As discussed earlier, this result can be the final result, or an intermediate result. It is impossible for the reduce function to predict how the result is to be used.
In “re-reduce” mode, the parameter “keys” is null while the parameter “values” contains a set of intermediate results. In the example above, the first part of the function is used to merge the intermediate results into a new one. This new result could be the final result, or it could be a new intermediate result.

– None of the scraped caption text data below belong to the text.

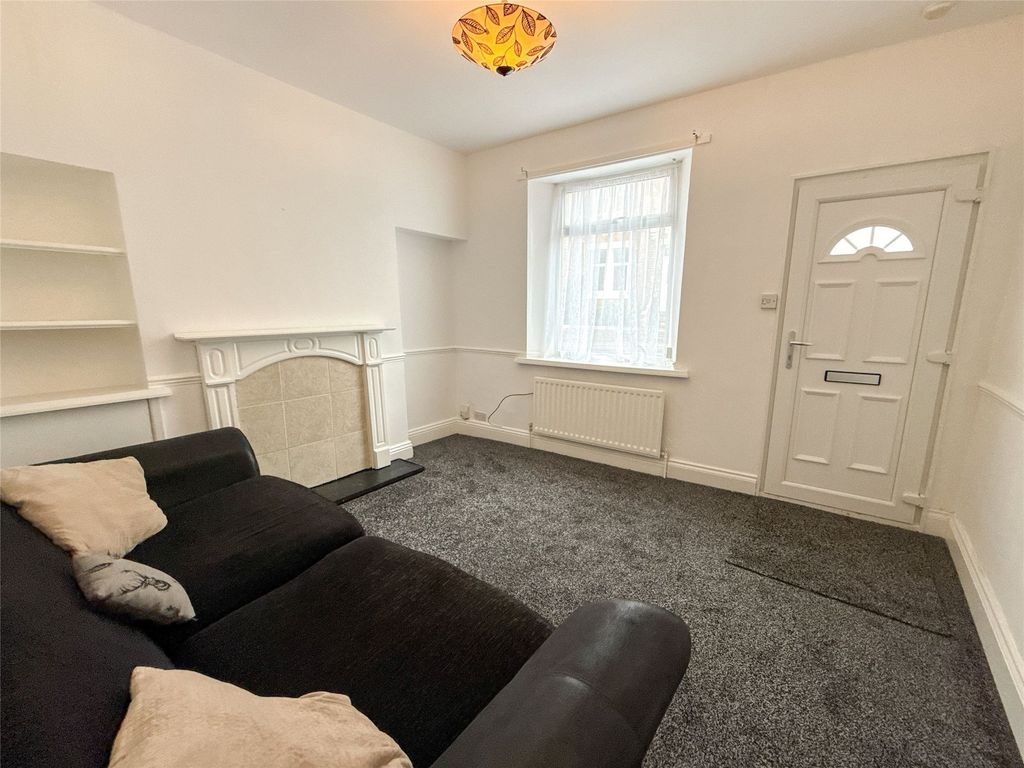 Property photo 2 of 10 Lounge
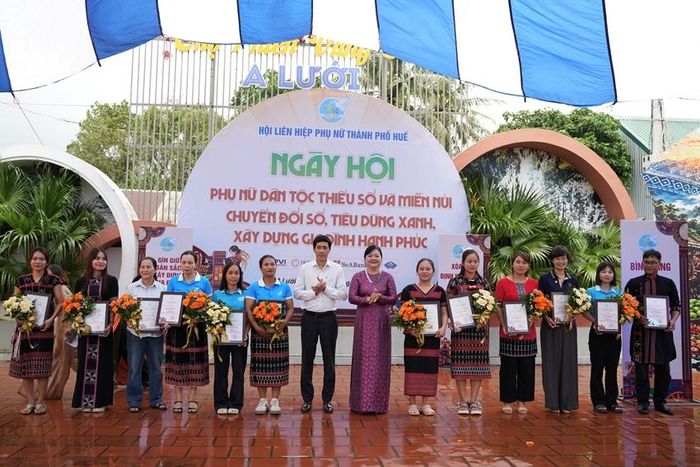 Trao giấy chứng nhận cho các đơn vị, cá nhân tham gia Ngày hội.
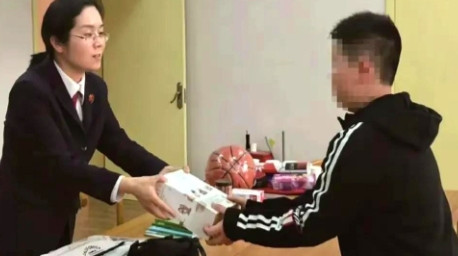 在金钱面前，亲情弱爆了！”5月28日，贵州贵阳，一男孩3岁丧母，10岁丧父，男孩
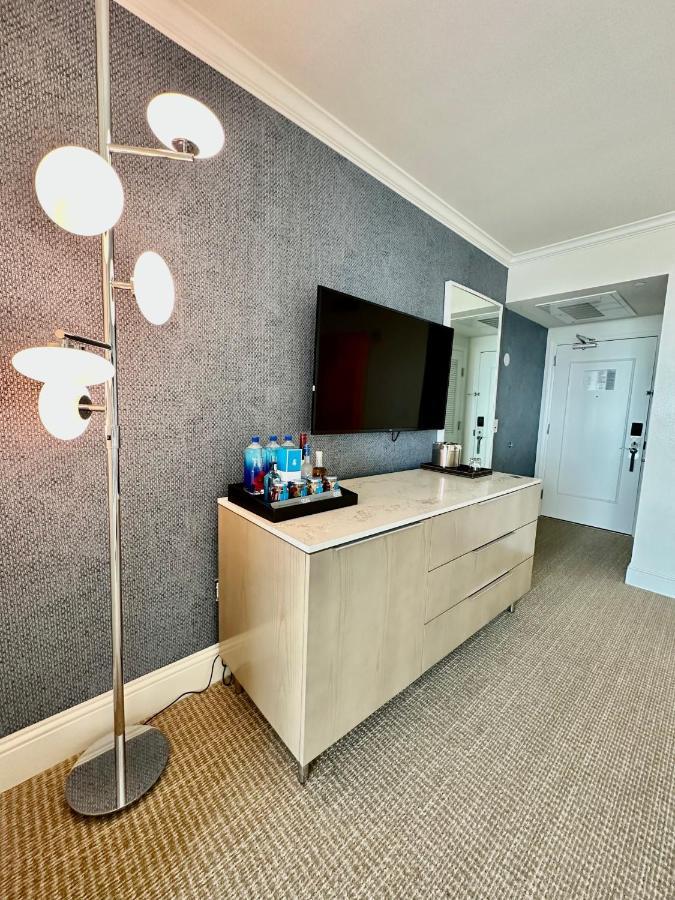 Fontainebleau Miami Beach,Tresor Bagian luar foto
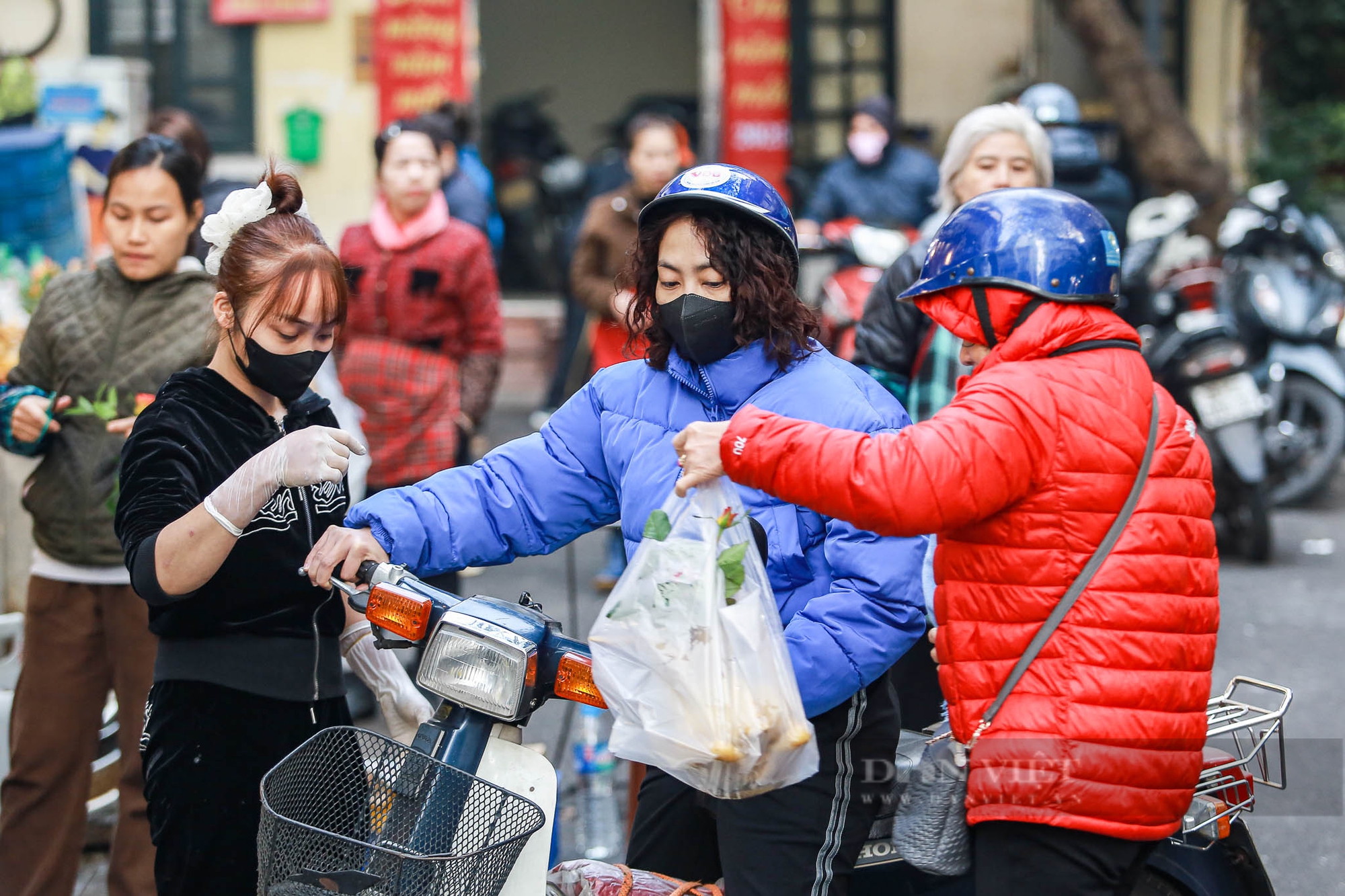 Người Hà Nội chi nửa triệu đồng mua gà ngậm hoa hồng cúng Rằm tháng Chạp ở "chợ nhà giàu" - Ảnh 9.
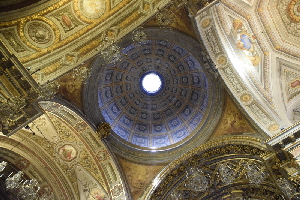 Piazza_della_Scala-Chiesa_di_S_Maria_della_Scala-Cupola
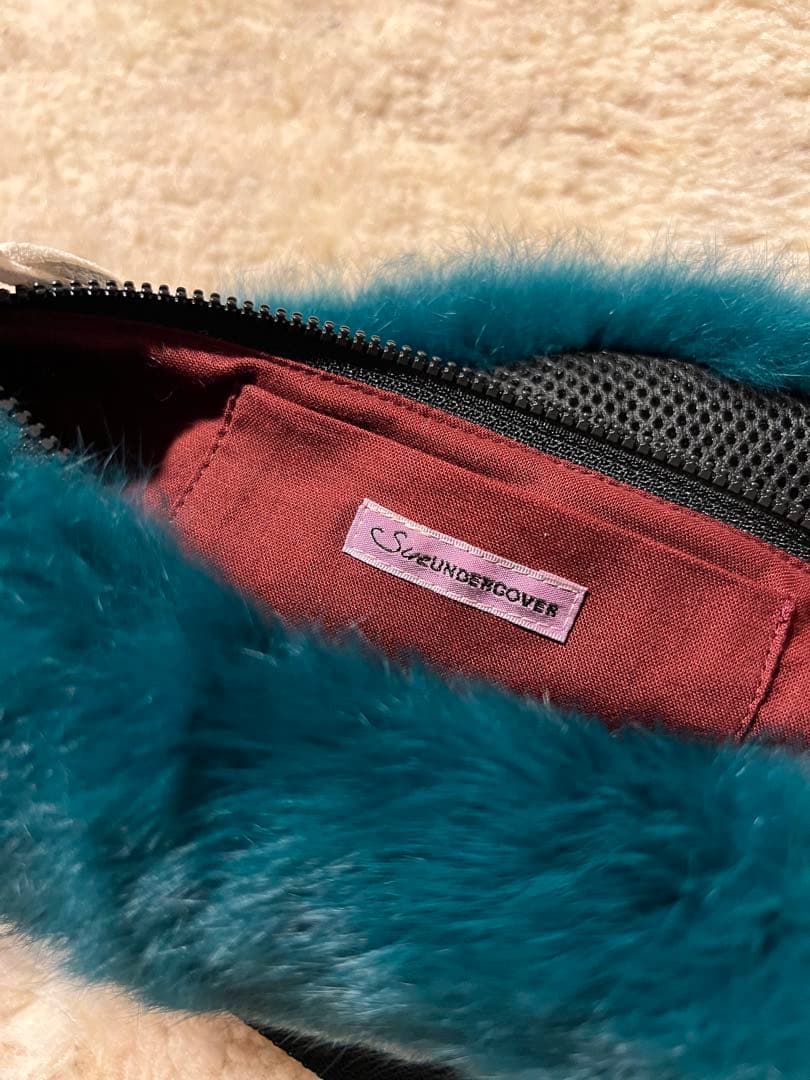 SUE UNDERCOVER ボディバッグ - メルカリ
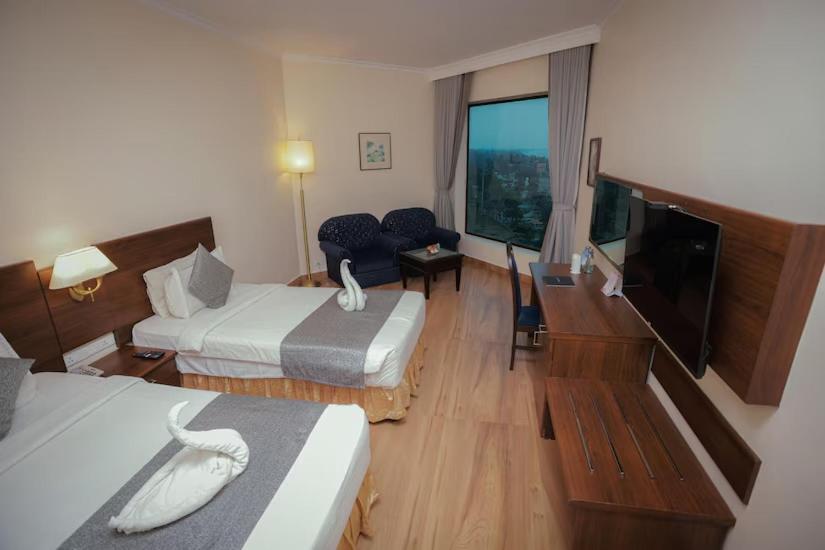The Quilon Beach Hotel And Convention Center Kollam Zewnętrze zdjęcie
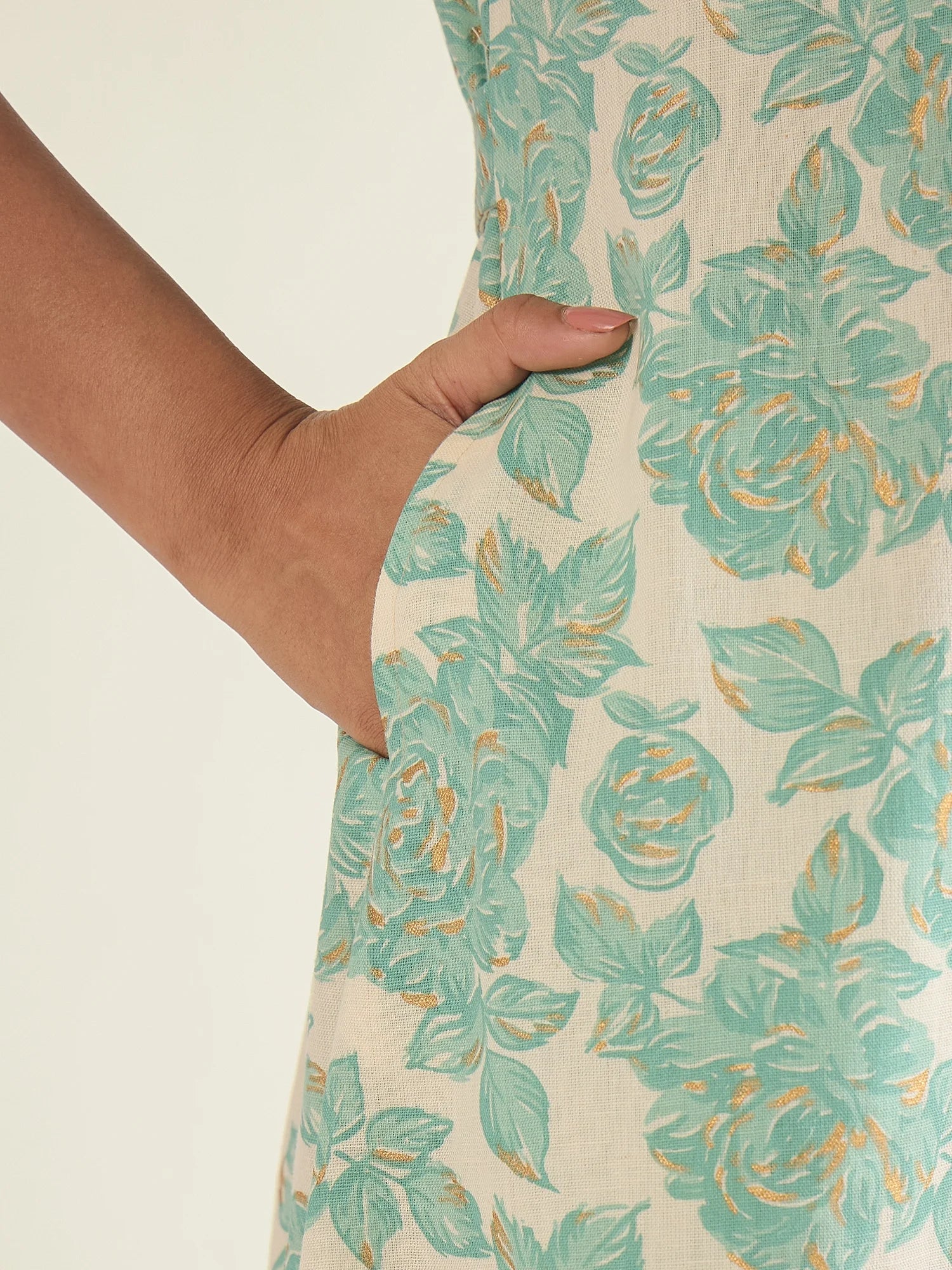 women-off-white-cotton-floral-print-shirt-dress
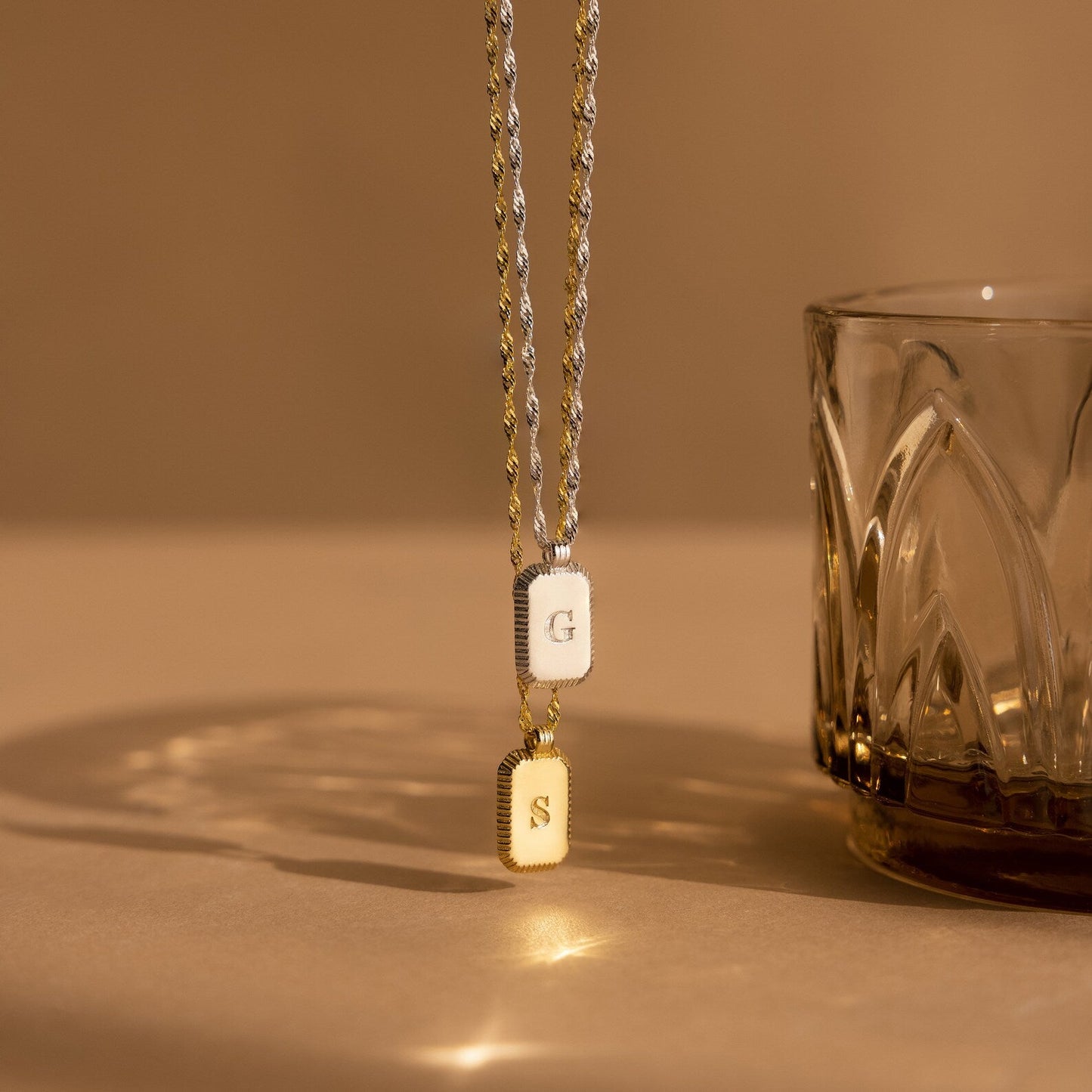 Newsletter Gerippte Initialenkette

Reduce functions over subset of a View
A reduction does not have to be over the complete set returned by a view. For example, to see only a subset:
|
curl -X GET 'http://127.0.0.1:5984/db/_design/db/_view/stats?startkey="k"&endkey="n"&reduce=false' |
yields only some students:
|
{"total_rows":46,"offset":20,"rows":[ {"id":"7ab05a72d3cf2ad68c5816713e083c86","key":"Kim","value":75}, {"id":"7ab05a72d3cf2ad68c5816713e08d612","key":"Kyle","value":75}, {"id":"7ab05a72d3cf2ad68c5816713e08de9c","key":"Ludvig","value":91}, {"id":"7ab05a72d3cf2ad68c5816713e0845b6","key":"Lynn","value":91}, {"id":"7ab05a72d3cf2ad68c5816713e084c70","key":"Mary","value":56}, {"id":"7ab05a72d3cf2ad68c5816713e08e00a","key":"Mike","value":53} ]} |
If reduction is included:
|
curl -X GET 'http://127.0.0.1:5984/db/_design/db/_view/stats?startkey="k"&endkey="n"' |
then:
|
{"rows":[ {"key":null,"value":{"topScore":91,"bottomScore":53,"sum":441,"count":6,"mean":73.5}} ]} |
Conclusion
Reduce functions can be tricky because of the dual usage. The modes in use are controlled by the CouchDb database and the person designing a reduce function must take into account the various permutations.
NOTE:Do not leave the log statements in view map and reduce functions since they degrade performance.